June 18, 2020
H Story – Japan,
2001
The Wikipedia page for Alain Resnais’s seminal film Hiroshima mon amour contains the
following footnote: “In 2001, Japanese film director Nobuhiro Suwa directed a
remake, titled H Story.” It is
inaccurate. H Story is actually about
a director attempting to remake the film and how his efforts are thwarting by
his talented, but temperamental lead actresses and by the director’s own lack
of vision and feeling for the subject matter. It is therefore about the failure
to remake a classic, and, oddly enough, it is a victim of its own aloofness.
The first hour of Suwa’s film consists mainly of long scenes
of filming. In fact, the film opens with French actress Beatrice Dalle (here playing
herself and giving quite an effective performance) and Hiroaki Umano (also
playing himself) re-enacting the famous scene of the lovers in bed after a
night of passion. We also see bits of other scenes – a few seconds of a shower,
a brief scene of them descending a staircase, a longer conversation in the
hallway outside a hotel room. In between these scenes, we see a movie clap
board in action, watch the director (or at least the back of him) give
instructions to the cast, and hear his desires converted back into French by
Beatrice’s translator. In one scene, we hear Beatrice reveal to Umano that she
is growing increasingly disenchanted with the film and, in particular, the
methods of its director, not surprisingly played by Suwa himself.

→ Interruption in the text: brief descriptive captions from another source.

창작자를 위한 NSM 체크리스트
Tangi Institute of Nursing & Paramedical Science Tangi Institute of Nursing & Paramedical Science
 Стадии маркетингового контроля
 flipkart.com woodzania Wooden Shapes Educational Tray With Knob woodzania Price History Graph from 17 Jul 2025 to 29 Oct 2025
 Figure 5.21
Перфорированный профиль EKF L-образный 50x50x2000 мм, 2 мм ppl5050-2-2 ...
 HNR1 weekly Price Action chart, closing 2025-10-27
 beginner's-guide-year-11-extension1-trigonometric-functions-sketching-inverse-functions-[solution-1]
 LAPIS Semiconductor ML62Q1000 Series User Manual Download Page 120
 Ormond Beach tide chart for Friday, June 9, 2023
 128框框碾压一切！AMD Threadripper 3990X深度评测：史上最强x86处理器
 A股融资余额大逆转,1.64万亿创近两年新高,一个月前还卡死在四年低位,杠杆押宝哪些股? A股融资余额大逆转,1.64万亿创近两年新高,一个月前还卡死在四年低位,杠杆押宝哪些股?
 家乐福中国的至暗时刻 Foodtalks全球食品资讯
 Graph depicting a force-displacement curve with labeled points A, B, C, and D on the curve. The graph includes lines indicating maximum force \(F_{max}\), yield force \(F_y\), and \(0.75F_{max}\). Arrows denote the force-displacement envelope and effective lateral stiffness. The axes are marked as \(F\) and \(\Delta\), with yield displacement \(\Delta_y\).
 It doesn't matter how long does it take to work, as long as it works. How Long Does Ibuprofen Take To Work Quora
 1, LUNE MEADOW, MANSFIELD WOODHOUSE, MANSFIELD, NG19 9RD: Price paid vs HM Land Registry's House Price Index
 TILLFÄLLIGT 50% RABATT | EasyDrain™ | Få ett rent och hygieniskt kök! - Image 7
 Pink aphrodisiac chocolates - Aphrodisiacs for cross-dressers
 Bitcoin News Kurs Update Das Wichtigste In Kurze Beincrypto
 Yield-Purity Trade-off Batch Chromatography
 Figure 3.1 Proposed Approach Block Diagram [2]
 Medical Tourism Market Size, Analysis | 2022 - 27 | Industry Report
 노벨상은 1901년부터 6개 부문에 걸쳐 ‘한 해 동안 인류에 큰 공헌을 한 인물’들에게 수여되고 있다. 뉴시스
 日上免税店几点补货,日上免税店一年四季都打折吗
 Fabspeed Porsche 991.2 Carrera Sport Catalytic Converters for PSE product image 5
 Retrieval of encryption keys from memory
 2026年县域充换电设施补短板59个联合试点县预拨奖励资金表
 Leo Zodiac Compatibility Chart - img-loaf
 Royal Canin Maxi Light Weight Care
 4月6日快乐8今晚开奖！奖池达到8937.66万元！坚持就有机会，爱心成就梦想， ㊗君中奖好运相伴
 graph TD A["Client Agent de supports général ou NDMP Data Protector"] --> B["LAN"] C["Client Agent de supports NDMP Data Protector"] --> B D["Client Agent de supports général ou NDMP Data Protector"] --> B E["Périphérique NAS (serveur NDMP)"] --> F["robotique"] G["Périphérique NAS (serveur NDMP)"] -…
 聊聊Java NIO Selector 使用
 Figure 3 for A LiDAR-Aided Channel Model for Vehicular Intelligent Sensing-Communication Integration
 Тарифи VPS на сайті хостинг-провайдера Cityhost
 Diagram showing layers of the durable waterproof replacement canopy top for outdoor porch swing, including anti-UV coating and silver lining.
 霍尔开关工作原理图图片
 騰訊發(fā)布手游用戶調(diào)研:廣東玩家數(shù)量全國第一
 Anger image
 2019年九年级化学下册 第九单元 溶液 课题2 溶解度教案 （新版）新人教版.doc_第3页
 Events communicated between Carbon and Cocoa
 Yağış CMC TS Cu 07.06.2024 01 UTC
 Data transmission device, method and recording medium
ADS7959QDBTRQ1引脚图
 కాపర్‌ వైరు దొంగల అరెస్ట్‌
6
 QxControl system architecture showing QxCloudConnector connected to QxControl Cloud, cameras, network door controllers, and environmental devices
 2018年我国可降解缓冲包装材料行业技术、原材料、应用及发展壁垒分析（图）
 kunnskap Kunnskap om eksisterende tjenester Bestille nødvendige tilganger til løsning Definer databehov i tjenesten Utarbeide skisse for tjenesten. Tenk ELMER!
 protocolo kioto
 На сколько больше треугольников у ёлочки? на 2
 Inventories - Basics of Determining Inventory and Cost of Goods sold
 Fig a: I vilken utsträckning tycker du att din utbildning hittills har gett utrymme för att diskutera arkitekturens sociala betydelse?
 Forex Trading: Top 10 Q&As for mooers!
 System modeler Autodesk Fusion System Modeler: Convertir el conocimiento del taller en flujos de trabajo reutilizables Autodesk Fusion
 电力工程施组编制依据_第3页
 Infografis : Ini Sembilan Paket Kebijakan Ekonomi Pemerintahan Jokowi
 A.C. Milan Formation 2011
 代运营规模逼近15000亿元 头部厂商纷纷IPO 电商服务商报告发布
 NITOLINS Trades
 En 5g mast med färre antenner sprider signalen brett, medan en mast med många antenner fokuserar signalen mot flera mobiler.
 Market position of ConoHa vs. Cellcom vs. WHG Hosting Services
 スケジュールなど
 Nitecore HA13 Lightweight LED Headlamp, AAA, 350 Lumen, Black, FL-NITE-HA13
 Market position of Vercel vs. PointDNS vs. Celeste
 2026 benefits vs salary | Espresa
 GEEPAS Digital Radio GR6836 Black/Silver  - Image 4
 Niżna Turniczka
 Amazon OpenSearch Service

So, just what is there to do with such a set-up? Conventional
storytelling would call for the introduction of either a friendship or a romance,
something that would awaken Beatrice to the beauty of Hiroshima and teach her
something about, let’s say, the importance of bouncing back from adversity, and
the likely catalyst for this would be Beatrice’s co-star, if for no other
reason than the amount of screen time he is given. Suwa goes in a different
direction, though. He introduces a screenwriter-actor named Kou Machida (here
playing himself), who is also interested in learning more about the long-term
impact of the atomic bomb on Hiroshima. Machida is introduced in an
excruciatingly long and meandering scene in which he quizzes the director about
his motives for relying on Resnais’s shooting script and asks whether he thinks
today’s actors can adequately understand the emotions of the characters
depicted in Resnais’s film, the implication being that those who did not personally
experience something cannot adequately convey it on screen.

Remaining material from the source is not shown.